Personally, I find it most difficult to battle the urge of “comparing myself” to others around the holiday season. It’s around Christmas and New Year’s that I find myself spending more time in front of the mirror and trying to painstakingly document everything I wear, eat, cook, see. The list goes on and on. I’ve had to recently stop myself and ask why. Why do I care so much about what others think of me, particularly on social media?
Between Pinterest and Instagram (I’m a huge fan), I am bombarded on a daily basis with photos of delicious recipes, ‘must-have’ outfits and expert beauty tips. It leaves me with the impression that I need these things to feel good about myself or that I am ‘doing life the right way’. If I’m not ‘instagramming’ my first Christmas tree, perhaps people won’t think I’m festive and sentimental. These are absurd thoughts, yes but I bet you that one of them has popped into your head. I know I’m not the only one.
At 24 in a big city, I have found it’s hard to keep up. Ironically, no one has ever said I should keep up in the first place. In fact, I warn against the temptation to ‘keep up’ – it can lead to feelings of discontentment and comparing yourself to others. I can’t tell you how many times lately I have thought ‘Oh, that’s a lovely dress – I wish I had that’ or my personal favourite ‘Oh look at them having fun. I need to go have fun. I’m missing out!’
Yes, FOMO (the fear of missing out) is a real thing people, and I have noticed in creeping up on me many times in recent months. The irony behind FOMO and other ‘comparison disorders’ (is there such a thing – I’ve just made that up!), is that the very act of comparing yourself keeps you from living a full and vibrant life. Why concern yourself with what everyone else is doing when you could be making memories of your own?
I think ‘making comparisons’ is most difficult for us women. I am in no way saying that men don’t struggle with this. I’m simply suggesting that between pop culture and society’s conception of the ‘ideal woman’, I don’t it’s surprising that many women struggle in this department. I can’t recall how many times I found myself documenting everything James and I do as a newlywed couple, all because I saw some other couple doing the same thing. There is nothing wrong with documenting your ‘firsts’ especially as a newlywed couple (I find these things extremely exciting) but once in a while I have to check my motives. And I’ve realised that there is such a pressure for young married women to act and look a certain way. There have been many occasions where I have been consumed with the idea of being the ‘perfect wife’, all because I saw some woman on TV baking cookies for her husband when he walks in the door or because I saw a girl wearing a sexy dress on her ‘date night’ with her husband. ‘I have to do those things!’ I’ve demanded of myself!
Instead of giving in, I’ve had to take a good hard look in the mirror and come to terms with who I am.

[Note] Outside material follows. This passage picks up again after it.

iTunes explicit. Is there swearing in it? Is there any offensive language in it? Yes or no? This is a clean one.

And you know what – I love who I am! Not in a selfish way. No, instead of practicing the art of self-loathing (us women are too hard on ourselves), I have been challenged recently by something my pastor said a few weeks ago during a sermon on identity. My identity does not lie in my appearance, my marriage, my job or by the things I can buy. My identity lies in Christ who always thinks I am beautiful and valuable regardless if I think so. And you know what? That realisation is so freeing! It makes ‘comparison-making’ a pointless exercise that’s a waste of my time and emotional energy.

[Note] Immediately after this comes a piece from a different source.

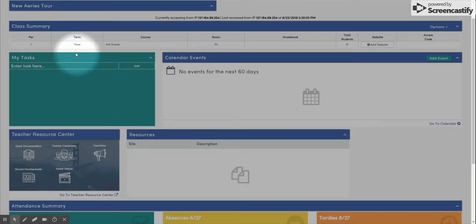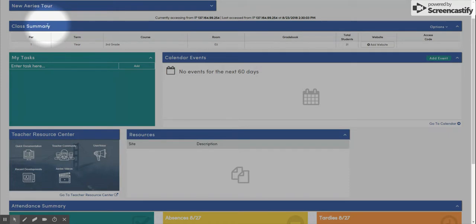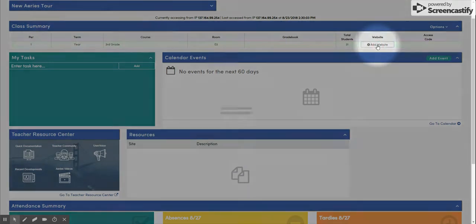On your Ares home screen, you will find the Class Summary widget. At the right side of this widget, you will find the Add Website button. Click here.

My challenge to you: think about what you’re posting to social media this holiday season. Why do you post the pictures and statuses that you do? What if I said that tomorrow you didn’t have a Twitter or Instagram – how would that make you feel?
Perhaos it’s worth considering: ‘What image of myself am I trying to upload to social media? What is it that I want people to think about me?’ if you find yourself asking yourself struggling with these questions, (don’t worry it means you’re a normal woman!) perhaps you ought to consider whether other peoples’ opinions are worth so much of your time and energy.
What do you think about you? How often do you compare yourself to others?
Don’t worry about trying to be someone else. Just be you. Be the best version of you, not a copy of someone else. There’s nothing more beautiful than that.
My name is Rachel and this is Where I Stand.